Democratic Justice: Felix Frankfurter, the Supreme Court, and the Making of the Liberal Establishment
by Brad Snyder
W.W. Norton & Company, 992 pp., $45.00

After Frankfurter’s death in 1965, biographers showed little interest in writing about his life. Would-be chroniclers came to dislike their subject as they researched him. Frankfurter was ambitious to a fault with strains of narcissism. He flattered superiors and exhibited venomous contempt for those who disagreed with him. A further problem was the sheer volume of material. Frankfurter wrote a dozen letters a day or more. He wrote hundreds of articles and drafted countless briefs, reports, and books. His vast papers in the archives at Harvard Law School and the Library of Congress amount to 500 boxes of material containing more than 110,000 items. To make matters worse, some of the most important files in Frankfurter’s archives were stolen from the Library of Congress in the early 1970s, and their whereabouts remain unknown.

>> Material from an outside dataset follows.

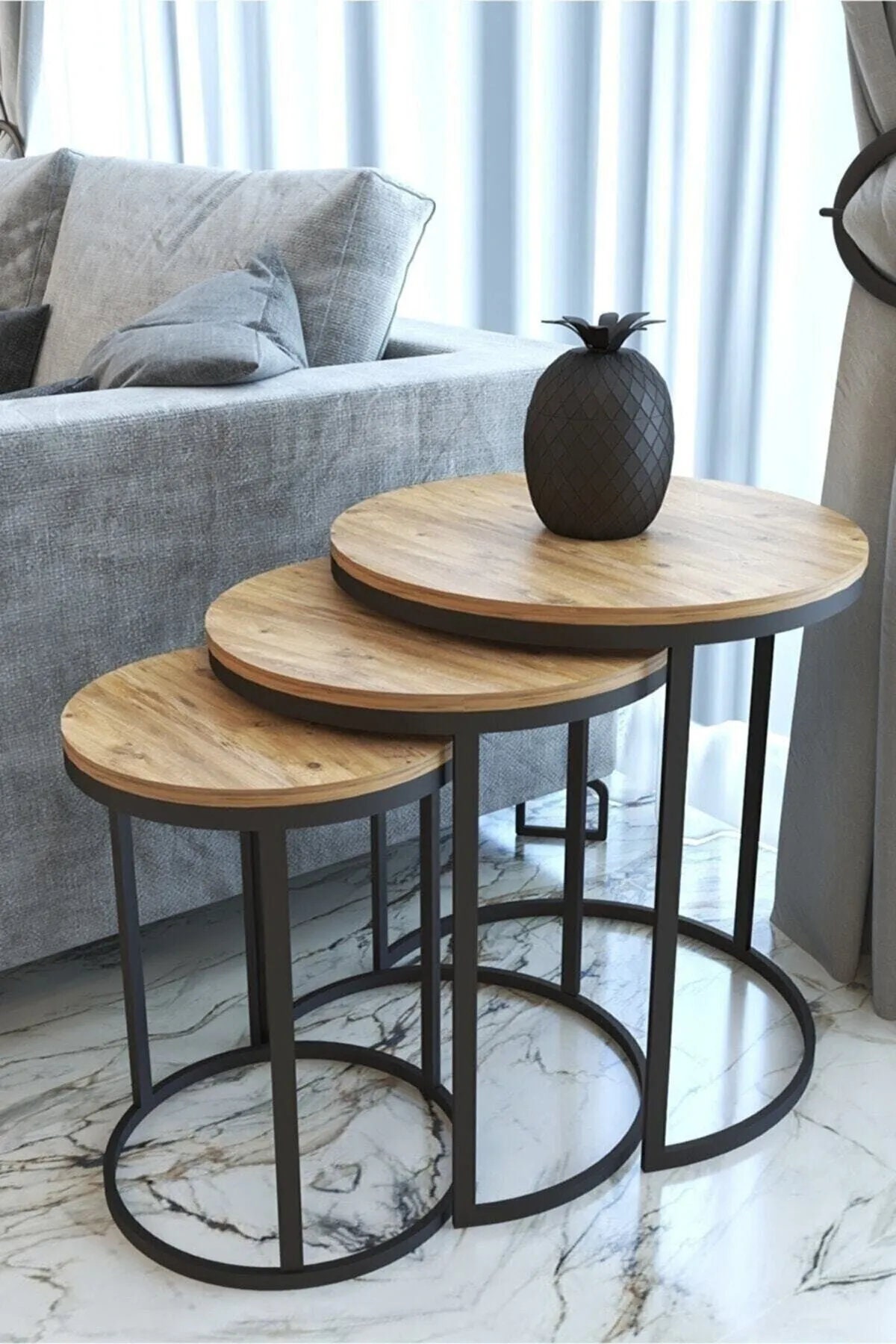 Reizende handelaar overeenkomst Sinewi Nesting Tables Modern Oval Wood Coffee Table Minimalist for - Etsy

Brad Snyder’s new book, Democratic Justice: Felix Frankfurter, the Supreme Court, and the Making of the Liberal Establishment, is the first work to grapple with his life and legacy in full. Snyder, a law professor and historian at Georgetown, presents Frankfurter as an antidote to a court that has struck down campaign finance laws, crippled the Voting Rights Act, canceled gun control legislation, undermined the regulatory state, and removed the right to abortion. This is a degree of power, Snyder points out, that Frankfurter believed the court should never wield. And in Frankfurter’s belief that rights should not be left to the court, but established through democratic processes, Snyder sees a progressive path beyond today’s conservative court.

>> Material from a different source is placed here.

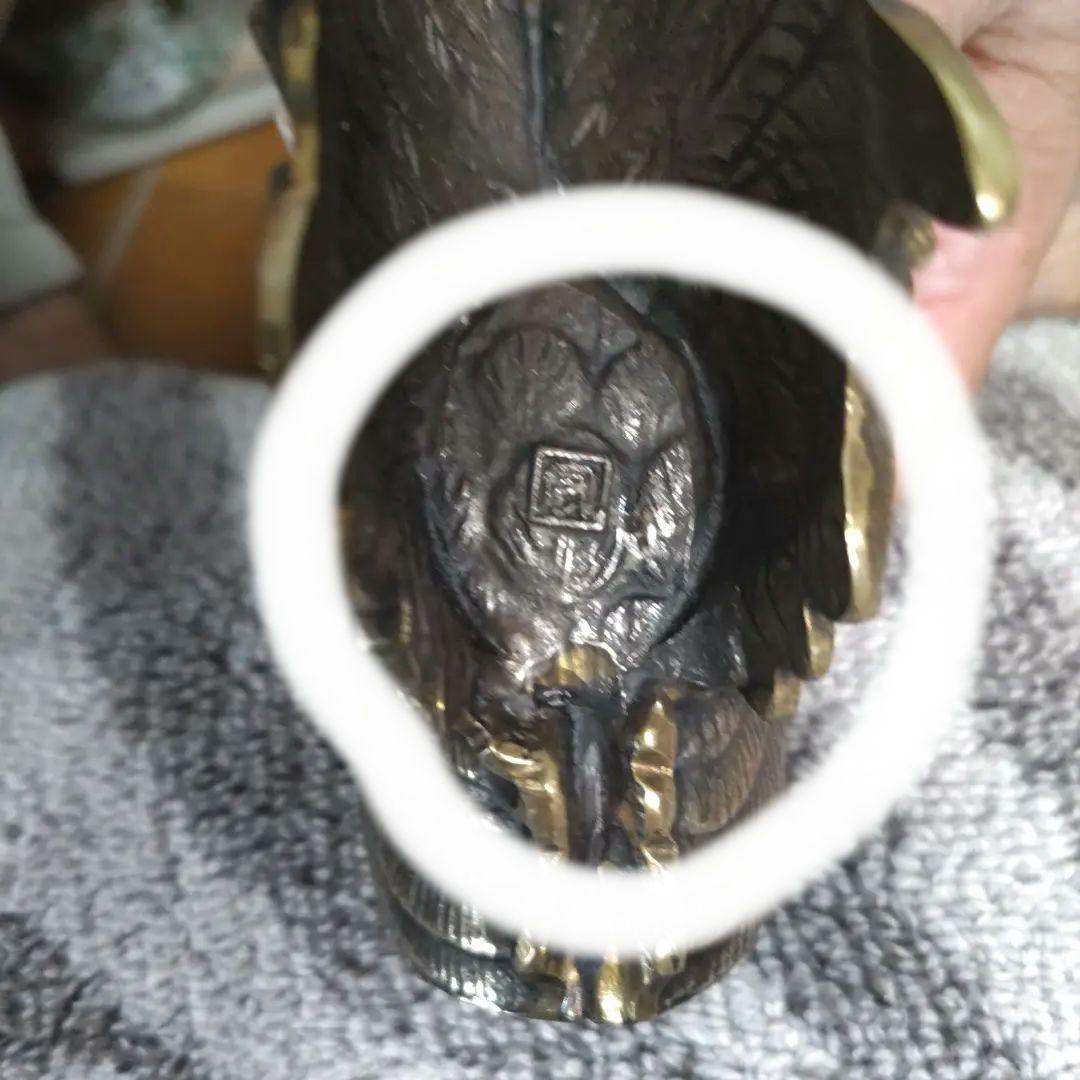 《金属工芸品、鳥２羽》新品（かたらい、村田宏作）木製台、箱入1634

Snyder is not alone in finding hope for those on the political left of center in Frankfurter’s approach. Academics like my left-leaning Yale colleague Samuel Moyn and Harvard’s liberal Cass Sunstein have embraced the justice’s commitment to judicial restraint for the era of conservative courts. So have leading Democratic Party politicians, for whom Frankfurter is the judge who was appropriately skeptical of the power of judges. Yet the conservative justices on the court who claim him as one of their own offer a different figure: one who laid the groundwork for a critique of liberal judicial overreach that the conservative legal movement has spent the past half-century pursuing. Struggle for the meaning of Frankfurter’s legacy, it seems, has quietly become a contest over the future of the court.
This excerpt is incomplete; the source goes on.